For readers of a certain age the title above will bring to mind an angst-ridden song made famous by Nazareth in the ‘80s. But what follows is not so much about love as about sex, which is the physical expression of romantic love. Usually when people use the word ‘sex’ they are talking about penetrative sexual intercourse. This is actually a very narrow (and heterosexist) view of what sex is. But more about that later.
So to sex. (And the discussion which follows is largely limited to female sexual pain and heterosexual relationships). In an ideal world, sex is enjoyable, and so memories of past experiences of sex are pleasurable and positive. Thus when a person thinks about sex, pleasurable memories and expectations are brought to mind. This person will anticipate sex as they might a mouth-watering meal; they expect to experience pleasure.
But what if sex hurts? What if the person’s expectation is of pain rather than pleasure? Unfortunately this is the reality for many people. More commonly women, but men can also experience pain during sexual intercourse. The information that follows is more applicable to the issue of female sexual pain, although many of the comments are also relevant to men.
When pain, rather than pleasure, is anticipated, the person’s emotional response is obviously very different. The expectation of pain creates anxiety, and the natural physical response is to tense up. This can become a self-fulfilling prophecy, as being very physically tense will increase the chance that sex will be painful.
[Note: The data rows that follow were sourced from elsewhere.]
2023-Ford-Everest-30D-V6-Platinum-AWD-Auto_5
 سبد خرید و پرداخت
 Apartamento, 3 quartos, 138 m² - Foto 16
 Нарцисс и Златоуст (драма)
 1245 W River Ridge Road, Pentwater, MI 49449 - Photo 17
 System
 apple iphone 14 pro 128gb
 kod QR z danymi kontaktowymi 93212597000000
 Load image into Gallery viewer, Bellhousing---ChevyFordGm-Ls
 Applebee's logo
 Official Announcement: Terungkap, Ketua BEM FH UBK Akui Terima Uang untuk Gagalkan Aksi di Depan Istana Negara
This is especially true for women, as to allow comfortable penetration of the vagina by their partner’s penis, the muscles at the entrance of the vagina need to be relaxed.
When considering sexual pain, it is useful to separate the cause of the pain, from the factors that are maintaining the pain. The causes of female sexual pain can be due to both physical and psychological factors. Some of the common physical causes are skin conditions that cause pain and inflammation of the vulva (the area around the entrance to the vagina). Conditions such as endometriosis can lead to deeper pain within the vagina during penetration. Hormonal factors, particularly around menopause, can also be a factor. Very tense pelvic floor muscles are also a common cause of pain during sex.
In terms of psychological factors which cause sexual pain, the most obvious is a history of negative sexual experiences such as sexual abuse. Other possible causes are relationship problems, anxiety, stress, and depression. Negative attitudes about sex can also lead to sexual pain problems.
So there are a number of potential physical and psychological causes of sexual pain. However once the pain problem persists and becomes chronic, psychological factors are always part of the maintenance of the problem. Thus a psychologist or sex therapist experienced in working with sexual pain can help with addressing the avoidance, and negative thoughts and expectations that inevitably develop when sex hurts over and over again. Psychological treatment will also involve a broadening of the definition of sex to include sensuality and non-penetrative ‘outercourse’, with a focus on pleasure from various sources apart from penetrative intercourse. This will take the pressure off sex, and allow physical intimacy to be restored.
If you are experiencing pain during sex, you should also consult your doctor and seek a specialist opinion from a gynaecologist, as accurate diagnosis of the issue will allow you access to the most appropriate treatments from the large range available. Other health professionals that may be useful include a physiotherapist who specializes in pelvic pain problems, and a dietician, who will be able to suggest dietary changes that can reduce inflammatory problems.
So, although deeply personal, sexual pain is not untreatable. There is a great deal that can be done to reduce suffering and improve physical intimacy. Seek help if LOVE HURTS for you.